Chantra, chantra pas ?
La question majeure qui déciderait de l’avenir d’un enfant, en tout cas de son avenir de musicien, prétend Otar Iosseliani, qui sort un film charmant et élégant où l’enfance occupe une place essentielle 2 : c’est là qu’on se forge une identité de chenapan, une envie de fuguer, les petits bonheurs à la sortie de l’école et surtout quand on est avec les copains qui, en bande d’inséparables, garantissent l’aventure. Chantrapas, film à l’humour très particulier que Iosseliani apporte au cinéma français qui l’a adopté depuis Les Favoris de la lune. Une toile passait de main en main, découpée de son cadre, elle rapetissait à vue d’œil, dévoilant un cadre de vie de plus en plus engagé dans la beauté et l’insolite. Iosseliani et son indécrottable originalité (une Africaine chevauche un crocodile dans Et la lumière fut) ne se compare à personne d’autre. Dans Chantrapas, un jeune réalisateur quitte les censeurs de l’est pour tomber finalement sur des producteurs non moins censeurs à l’ouest (tirons en passant notre chapeau aux incorruptibles Martine Marignac et Maurice Tinchant, ses producteurs français). Ses films sont très proches du burlesque des films muets. Le jeune musicien du Merle chanteur, ces vieux qui sont encore des « bourreaux des cœurs » et des lutteurs qui étalent par terre un jeune trois fois plus fort qu’eux. Tous ces gens qui savent attraper un poisson, faire un déjeuner sur l’herbe, sauter d’un train ou le prendre d’assaut. Des personnages si familiers et pourtant excentriques, mais pas trop, buvant, mais pas trop, chantant mais pas trop, vivant tendrement ou absurdement leur propre vie, inaliénable à la pression que d’autres aimeraient exercer sur eux.

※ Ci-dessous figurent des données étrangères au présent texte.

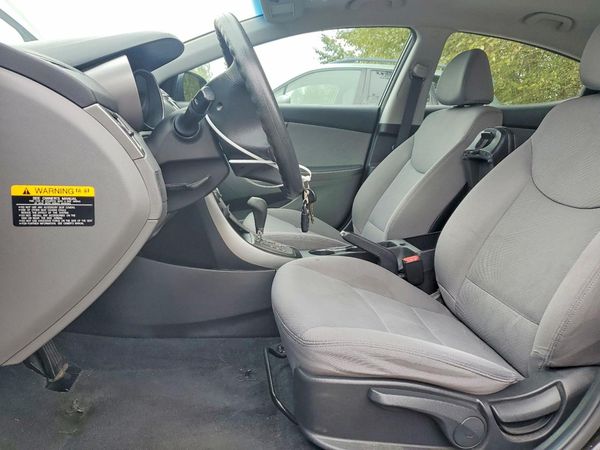 2013 HYUNDAI ELANTRA — DENT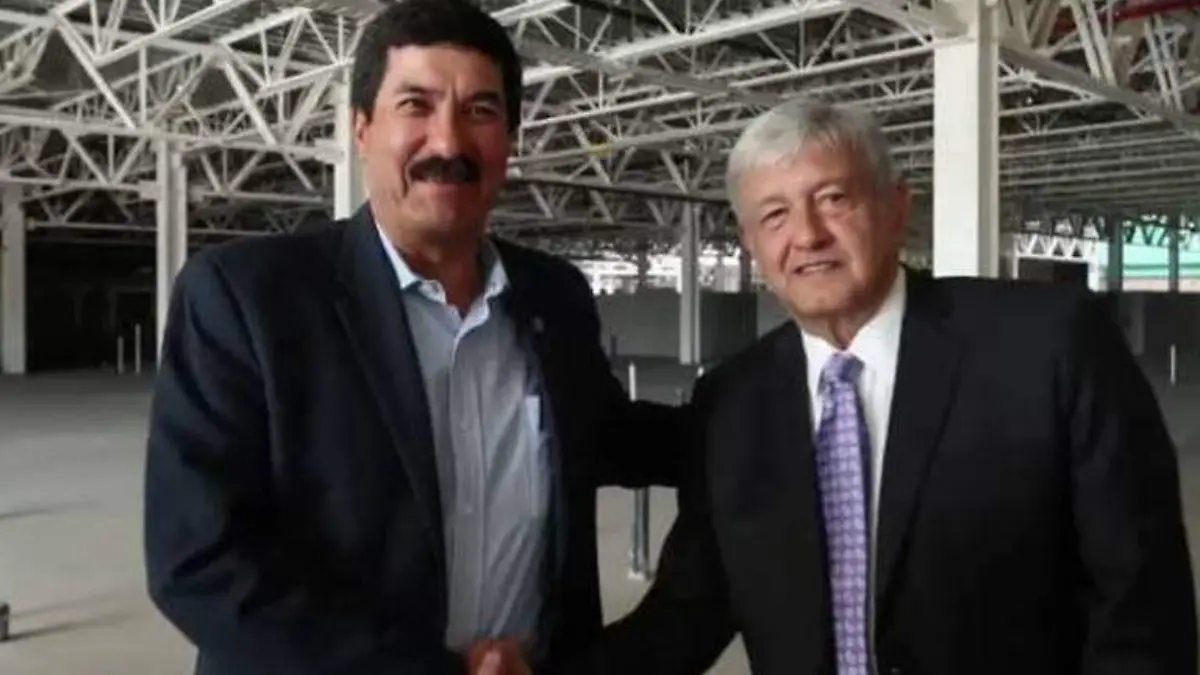 1338_javier-corral-y-amlo_620x350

Ce film donne du courage à tous ceux qui veulent faire quelque chose qui leur tienne à cœur. Quitte à se sauver avec une sirène. Jamais rien n’est anodin, quand on vole des icônes, on les rapporte parce qu’il y a encore des grands-mères qui tirent les oreilles aux garnements, des gamins qui obéissent finalement, des cordonniers qui coordonnent un ballet de désobéissance réjouissant…



1. Bal a obtenu l’Ours d’Or à Berlin. Sortie le 22 septembre.
2. Chantrapas, sortie le 22 septembre.